La política como penitencia

Fernando López Milán

Quito, Ecuador

Es propio de las relaciones de fuerza que el más débil sea sometido por el más fuerte a una espiral de concesiones y renuncias. Cada renuncia, cada concesión que hace lo debilitan aún más y acrecientan el poder que tiene sobre su persona el individuo dominante.

Este no duda en minimizar y ridiculizar las concesiones y renuncias del débil y exigirle otras, nuevas y más onerosas.

Las relaciones del gobierno de Guillermo Lasso con ciertos actores sociales y políticos del país son de esta índole. Políticos oportunistas, activistas sociales de una sola idea, antiguos levantados en armas, periodistas ignaros y ansiosos de fama, resentidos y resentidas de todo tipo, han aprovechado del asesinato de María Belén Bernal para figurar y dotarse, ellos mismos, de la valía moral de la que carecen.
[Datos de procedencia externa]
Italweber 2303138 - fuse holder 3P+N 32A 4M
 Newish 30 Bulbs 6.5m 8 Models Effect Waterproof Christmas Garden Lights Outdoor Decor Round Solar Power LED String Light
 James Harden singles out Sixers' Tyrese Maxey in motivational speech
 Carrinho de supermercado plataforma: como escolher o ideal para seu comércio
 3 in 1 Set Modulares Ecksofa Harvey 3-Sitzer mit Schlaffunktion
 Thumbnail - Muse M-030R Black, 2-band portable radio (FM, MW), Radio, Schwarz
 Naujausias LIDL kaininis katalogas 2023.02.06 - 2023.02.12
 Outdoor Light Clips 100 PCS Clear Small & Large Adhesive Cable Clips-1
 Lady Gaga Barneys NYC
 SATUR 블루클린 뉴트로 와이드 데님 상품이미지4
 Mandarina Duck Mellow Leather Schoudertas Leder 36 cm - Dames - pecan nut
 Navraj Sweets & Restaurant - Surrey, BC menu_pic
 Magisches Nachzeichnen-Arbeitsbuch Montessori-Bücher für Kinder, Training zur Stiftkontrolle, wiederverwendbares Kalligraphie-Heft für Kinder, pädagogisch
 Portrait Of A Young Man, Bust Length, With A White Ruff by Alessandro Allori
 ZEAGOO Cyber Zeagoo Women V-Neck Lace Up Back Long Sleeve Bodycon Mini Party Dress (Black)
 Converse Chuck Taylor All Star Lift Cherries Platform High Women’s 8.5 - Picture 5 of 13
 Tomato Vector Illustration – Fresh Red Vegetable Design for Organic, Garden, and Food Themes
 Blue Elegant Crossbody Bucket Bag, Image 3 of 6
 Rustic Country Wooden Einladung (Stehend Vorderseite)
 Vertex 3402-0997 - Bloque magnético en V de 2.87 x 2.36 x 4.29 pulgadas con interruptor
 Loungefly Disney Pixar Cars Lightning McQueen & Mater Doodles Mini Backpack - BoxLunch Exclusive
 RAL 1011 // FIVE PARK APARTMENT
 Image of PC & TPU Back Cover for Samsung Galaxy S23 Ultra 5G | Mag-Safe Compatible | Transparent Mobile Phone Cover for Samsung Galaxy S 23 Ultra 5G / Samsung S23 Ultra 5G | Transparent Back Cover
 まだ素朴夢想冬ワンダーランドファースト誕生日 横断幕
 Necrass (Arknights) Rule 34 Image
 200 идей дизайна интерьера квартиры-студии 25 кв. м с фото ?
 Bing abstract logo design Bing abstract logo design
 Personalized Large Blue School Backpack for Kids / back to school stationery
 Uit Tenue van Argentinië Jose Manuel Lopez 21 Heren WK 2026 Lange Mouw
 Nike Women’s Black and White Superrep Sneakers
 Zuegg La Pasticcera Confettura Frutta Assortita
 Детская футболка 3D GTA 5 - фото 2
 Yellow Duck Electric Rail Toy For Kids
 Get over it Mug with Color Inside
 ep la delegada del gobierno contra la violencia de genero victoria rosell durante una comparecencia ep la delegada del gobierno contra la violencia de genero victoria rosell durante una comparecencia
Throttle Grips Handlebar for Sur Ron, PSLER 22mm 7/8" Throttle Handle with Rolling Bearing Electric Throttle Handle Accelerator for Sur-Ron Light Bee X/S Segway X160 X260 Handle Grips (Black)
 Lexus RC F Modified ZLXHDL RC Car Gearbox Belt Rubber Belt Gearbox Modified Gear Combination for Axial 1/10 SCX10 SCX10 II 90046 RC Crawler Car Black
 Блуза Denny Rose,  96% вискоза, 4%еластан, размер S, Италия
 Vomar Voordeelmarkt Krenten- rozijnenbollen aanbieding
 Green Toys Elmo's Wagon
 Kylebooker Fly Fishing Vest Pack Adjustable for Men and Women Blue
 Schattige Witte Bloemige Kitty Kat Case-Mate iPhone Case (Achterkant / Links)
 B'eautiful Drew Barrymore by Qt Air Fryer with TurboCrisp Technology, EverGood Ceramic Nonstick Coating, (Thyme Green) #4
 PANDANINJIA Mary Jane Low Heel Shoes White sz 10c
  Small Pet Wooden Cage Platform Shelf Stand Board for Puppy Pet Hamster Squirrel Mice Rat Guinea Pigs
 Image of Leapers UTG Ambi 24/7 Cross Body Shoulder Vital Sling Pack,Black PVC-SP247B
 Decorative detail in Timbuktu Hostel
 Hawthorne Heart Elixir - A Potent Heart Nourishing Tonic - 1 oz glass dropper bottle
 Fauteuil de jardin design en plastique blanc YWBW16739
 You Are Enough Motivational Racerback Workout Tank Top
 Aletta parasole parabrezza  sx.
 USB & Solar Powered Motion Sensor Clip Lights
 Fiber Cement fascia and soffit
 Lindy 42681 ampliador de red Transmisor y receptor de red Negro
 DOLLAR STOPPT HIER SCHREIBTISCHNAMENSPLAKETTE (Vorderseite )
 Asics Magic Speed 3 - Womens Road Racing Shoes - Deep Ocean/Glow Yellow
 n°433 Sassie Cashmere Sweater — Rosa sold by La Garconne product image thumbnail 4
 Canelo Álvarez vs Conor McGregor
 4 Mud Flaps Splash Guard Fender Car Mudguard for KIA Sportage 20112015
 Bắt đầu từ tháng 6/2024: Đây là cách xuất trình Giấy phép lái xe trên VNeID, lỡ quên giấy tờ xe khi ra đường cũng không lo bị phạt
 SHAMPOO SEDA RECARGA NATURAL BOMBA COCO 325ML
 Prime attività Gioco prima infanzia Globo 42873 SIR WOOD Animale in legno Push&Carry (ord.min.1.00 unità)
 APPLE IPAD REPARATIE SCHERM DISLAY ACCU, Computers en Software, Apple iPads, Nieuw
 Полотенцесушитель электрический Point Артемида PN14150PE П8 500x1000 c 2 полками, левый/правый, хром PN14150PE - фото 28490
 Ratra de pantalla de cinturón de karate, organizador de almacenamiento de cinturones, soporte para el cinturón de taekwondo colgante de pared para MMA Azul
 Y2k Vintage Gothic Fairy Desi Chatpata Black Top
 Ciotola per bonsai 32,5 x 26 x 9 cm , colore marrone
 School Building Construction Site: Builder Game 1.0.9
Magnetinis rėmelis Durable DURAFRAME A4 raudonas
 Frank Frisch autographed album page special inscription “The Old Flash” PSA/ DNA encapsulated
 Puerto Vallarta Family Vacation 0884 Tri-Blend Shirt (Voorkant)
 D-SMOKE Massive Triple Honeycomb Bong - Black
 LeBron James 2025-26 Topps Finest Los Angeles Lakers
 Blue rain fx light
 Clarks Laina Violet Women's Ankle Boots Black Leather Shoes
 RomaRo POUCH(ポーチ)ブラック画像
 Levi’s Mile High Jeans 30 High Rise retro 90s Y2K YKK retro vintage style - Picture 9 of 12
Tan entusiasmados han estado en la autopromoción, que no han dudado en arrastrar en la corriente de sus apetitos y pasiones a la señora Elizabeth Otavalo, madre de la víctima. Quien, en un canal de televisión, se quejaba de no haber sido llamada personalmente por la esposa del presidente Lasso, como si dicha señora tuviera una especial obligación con ella, y su comportamiento, solo en su caso, debiera ser distinto del que ha tenido con los deudos de las decenas de víctimas de femicidio que ha habido durante el gobierno de Lasso en el país.

Después, ya metida -¿utilizada? – en la guerra de la Asamblea Nacional contra el Gobierno, ayudó a que la institución más desprestigiada del país, aquella que hace no mucho atentó contra las libertades y derechos de los ciudadanos aprobando la nueva Ley Mordaza, se mostrara como lo que no es: defensora de los derechos humanos.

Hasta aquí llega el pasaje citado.